Lowercase overwrites the current pattern space. Uppercase version appends to current pattern space.


Writing scripts that use branching and conditional instructions to change the flow of control. (:,b,t)


[address]b[label] Branch

[address]t[label] This appears directly after a sub

[address]{

s/pattern/string/1

t label

...

}

:[label] put this where you want control in script to go

label is optional, end of script is used as default.
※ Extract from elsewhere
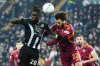 Udinese's Oumar Solet, left, fights for the ball with Roma's Mario Hermoso during the Serie A soccer match between Udinese and Roma at the Bluenergy Stadium in Udine, Italy, Monday, Feb. 2, 2026. (Andrea Bressanutti/LaPresse via AP)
AWK Named for Aho, Weinberger and Kernighan


Awk is like sed in that it operates on each line of the input from the beginning to the end of a script until it gets to the end of the input. Sed and awk both complete actions associated with an input line before it proceeds to the next. In addition, awk also gives the script writer the option to give commands as part of a BEGIN and an END statement.



Pattern Matching


A command can be executed based on a regular expression pattern match. For example:

/[0-9]+/ { print "That is an integer" }

/[A-Za-z]+/ { print "That is an character" }

/^$/ { print "This is a blank line" }


Comments in a script begin with a '#' and end with a new line and are allowed anywhere in the script.


Records and Fields


The input to awk is usually structured. The input is separated into words by delimiters. The default delimiter is a space(s) or tab(s). A script writer can refer to these words using the field operator $. For example:

echo a b c | awk '{print $2, $3, $1 }'

b c a


The field separator can be configured in a script with the command FS = "regular_expression"

for example

BEGIN { FS = ":" }

or on a command line by placing a -F followed by the field separator. For example

echo a,b,c | awk -F, '{print $2, $3, $1 }'

b c a

echo axbyc | awk -F"[xy]" '{print $2, $3, $1 }'

b c a # this is how to have multiple characters which can be the field separator.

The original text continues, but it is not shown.